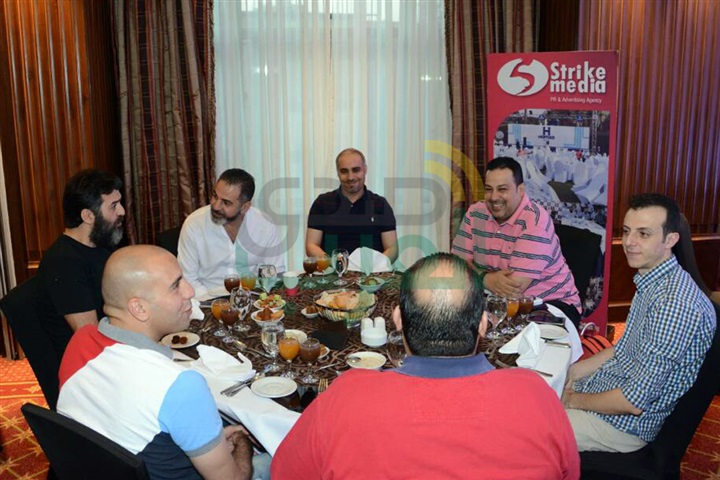 بالصور.. نجوم المجتمع والمشاهير في إفطار "سترايك" بالصور.. نجوم المجتمع والمشاهير في إفطار "سترايك"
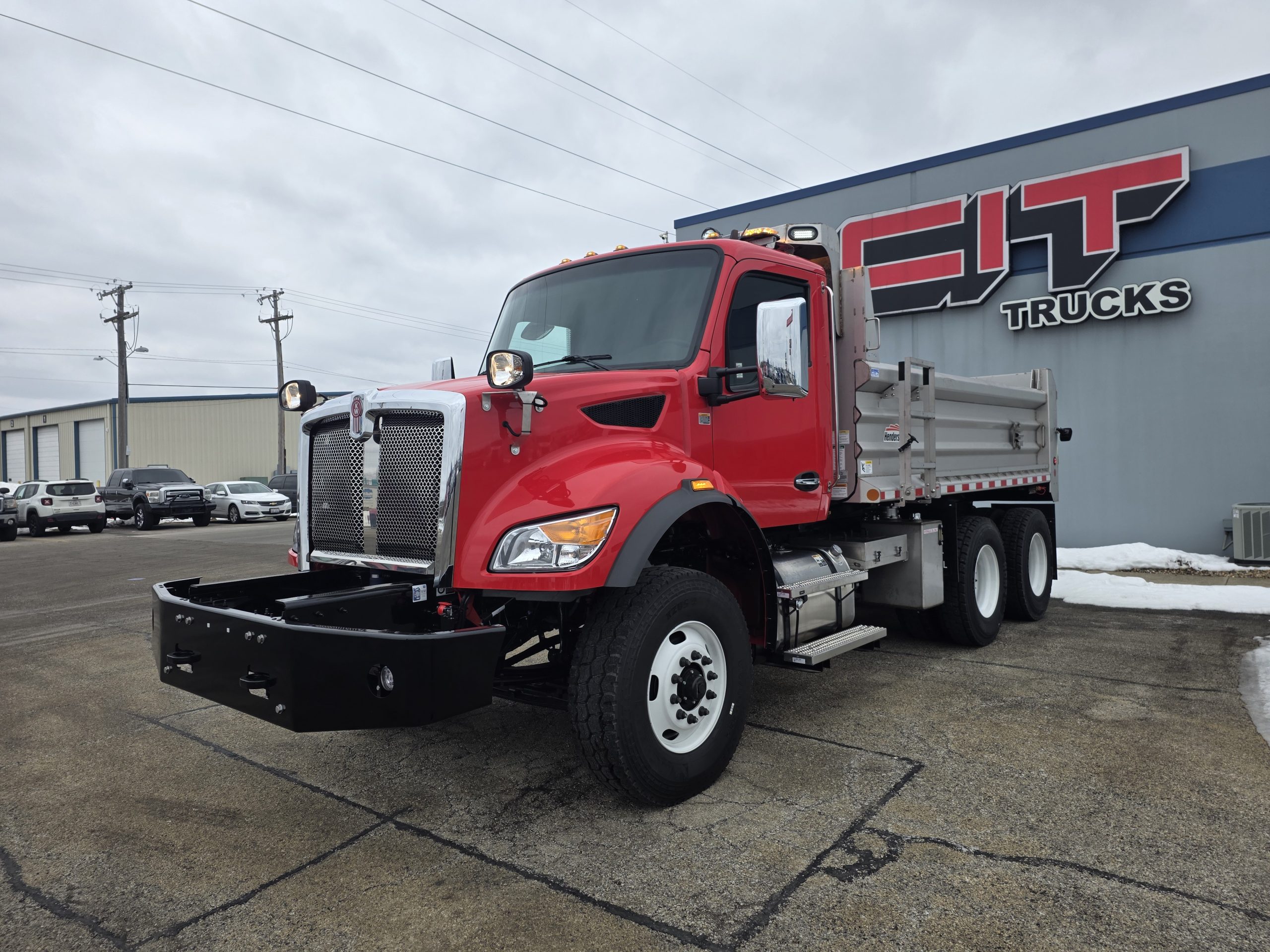 2026 KENWORTH T480 - image 1 of 6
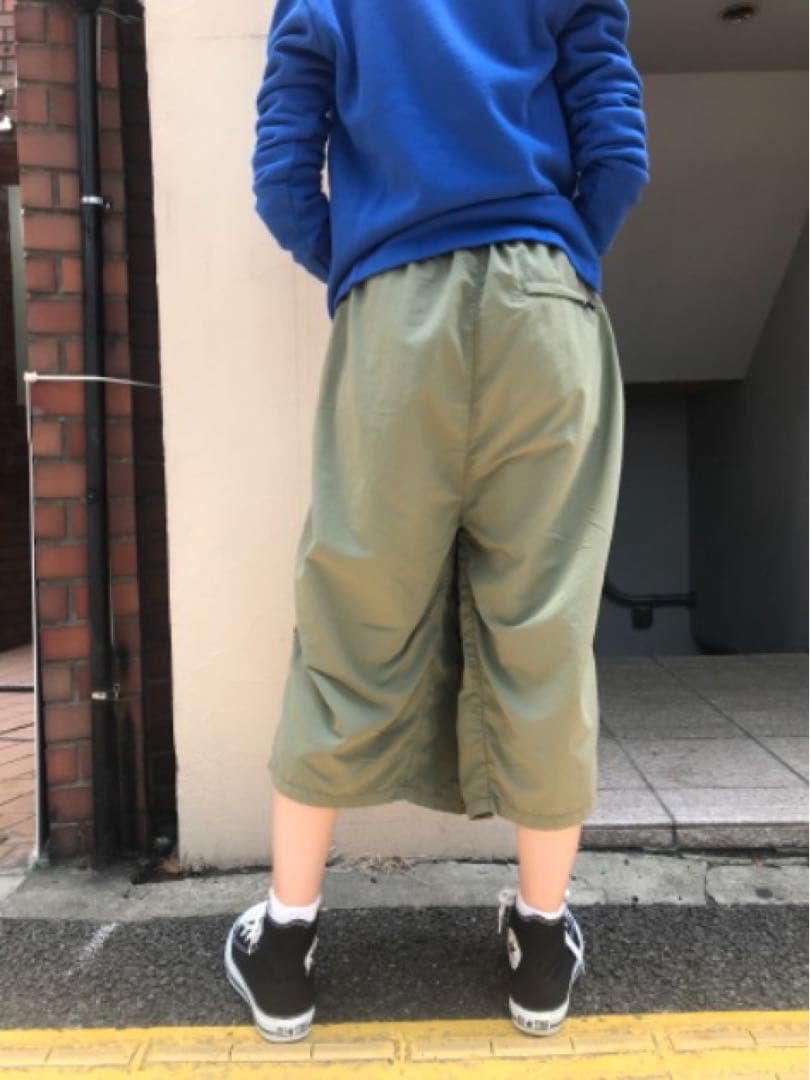 THE NORTH FACE PURPLE LABEL ラップキュロット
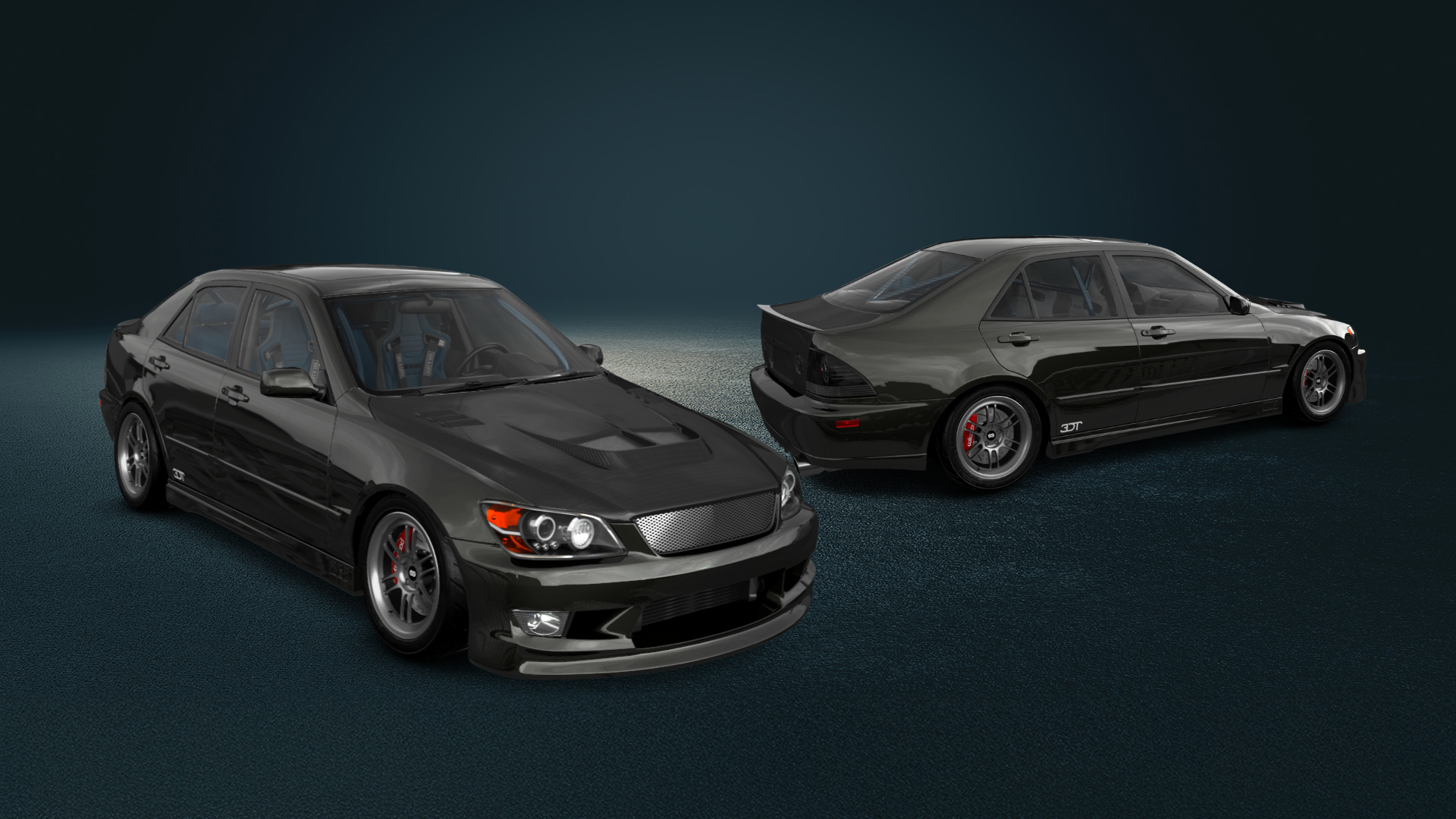 Lexus IS300 Sedan 1998 tuning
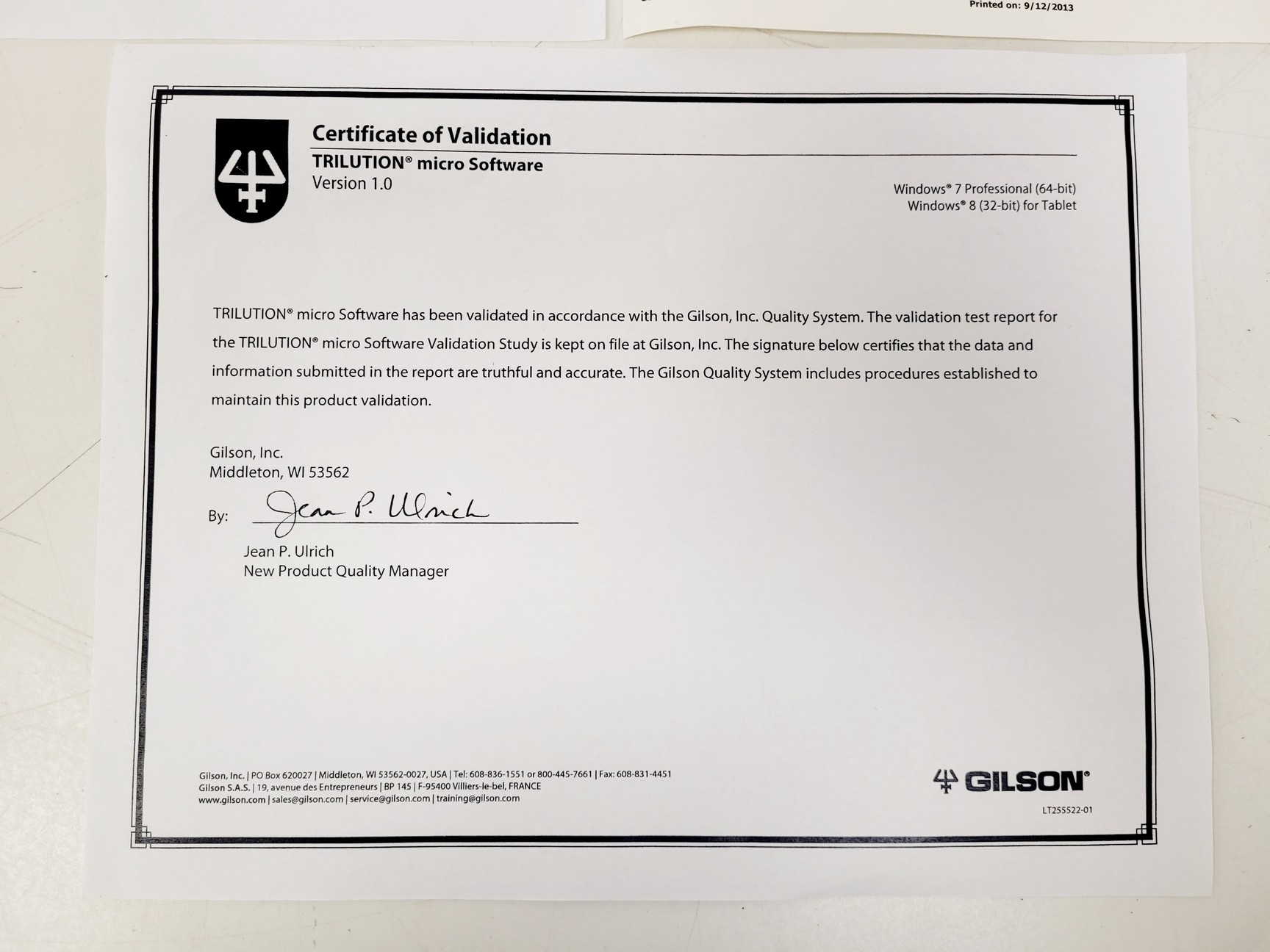 Image of Gilson 268 Pipetmax Liquid Handler Automated Pipetting System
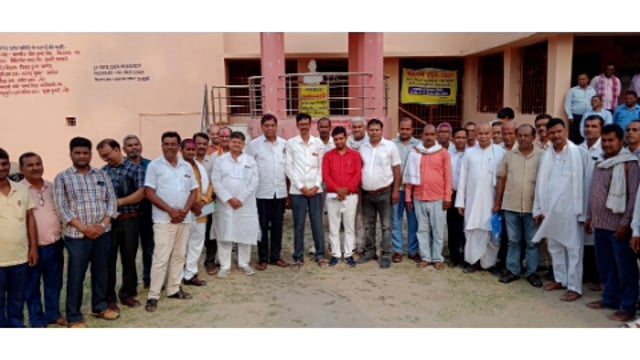 बिहार माध्यमिक शिक्षक संघ प्रखंड इकाई गोह का चुनाव हुई संपन्न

◇ ◇ ◇

> **PROBLEM STATEMENT**:
Without the pictures, repeat the listing word for word.

> **SOLUTION FOR THIS TASK**:
 بالصور.. نجوم المجتمع والمشاهير في إفطار "سترايك" بالصور.. نجوم المجتمع والمشاهير في إفطار "سترايك"
 2026 KENWORTH T480 - image 1 of 6
 THE NORTH FACE PURPLE LABEL ラップキュロット
 Lexus IS300 Sedan 1998 tuning
 Image of Gilson 268 Pipetmax Liquid Handler Automated Pipetting System
 बिहार माध्यमिक शिक्षक संघ प्रखंड इकाई गोह का चुनाव हुई संपन्न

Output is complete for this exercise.